While it is easy to point out the role of uncertainty and the danger of faith in science, it pains one to put into words what seems antithetical to religion: that there is no absolute truth to be had there either.

We should be sensitive to the feelings of the faithful, but never recommend that anyone should actually adhere to someone else's religion. Make one up for yourself maybe, and never take it too seriously, but don't ever buy one of those off the shelf models. Here's one reason why:

One of the aesthetics suggested by chaos theory is the property of fractals to display self similarity at different scales, as demonstrated by zooming in on the mini-Mandelbrots in the Mandelbrot set.

Another is their fractional dimensionality. Unlike Euclidean geometrical shapes fractals have borders of infinite complexity which interpenetrate their surroundings.

Applied to nature, these concepts are much more useful than linear measures for understanding phenomenon like clouds and turbulence. It is easy for casual observer to see the similarity of clouds or ripples of different sizes, or at various distances and magnifications. As well, anyone can see the lack of real borders between the clouds and the air, or between a whirlpool and the water.

If we look at human existence in this way, we will see that humans (and other living things) are also like this. Since we shed all our cellular material over a seven year period and new material is absorbed from our surroundings through the convoluted interfaces of our skin, lungs and digestive systems; we are more like a vortex moving through a medium than we are like a solid object. We dissipate through time; chances are you are occupying an entirely different physical body than the one you originally used to log onto the Internet that very first time, all those years ago, yet somehow there is a continuity of consciousness even though you think and feel different.

As such, we are similar to and yet different from each other, from our former "selves" and from our ancestors and evolutionary predecessors.
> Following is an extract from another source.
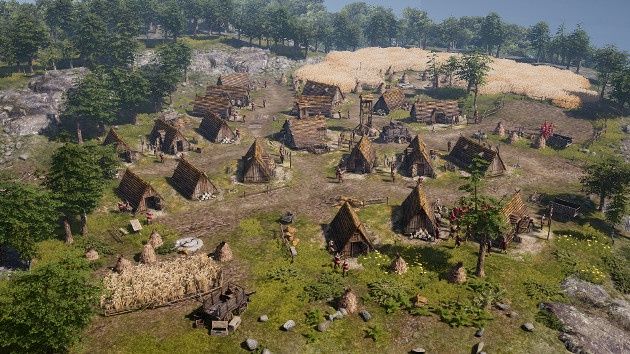 Ancestors screen osada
The physical borders between our "selves" and the environment are indistinct, permeable and variable.

I have digressed, but my point is that I would like to apply these ways of looking at things to the subject of religion. The clip below demonstrates the property of self similarity in religion. We can see that figures such as Jesus and Moses are not unique occurrences in time but reiterations of a historical formula. And so truth in religion can not be absolute, but will tend to recur, self-similarly (like a self-fulfilling prophesy), in myths, social and family structures, and personal development - right down to WWJD (what would Jesus do) today.

I highly recommend you watch the whole movie. Zeitgeist is available in 13 parts on YouTube. I definitely want to write more about it in my blog, as the producers present some thought provoking ideas about the social structures used to control the masses and promote the New World Order.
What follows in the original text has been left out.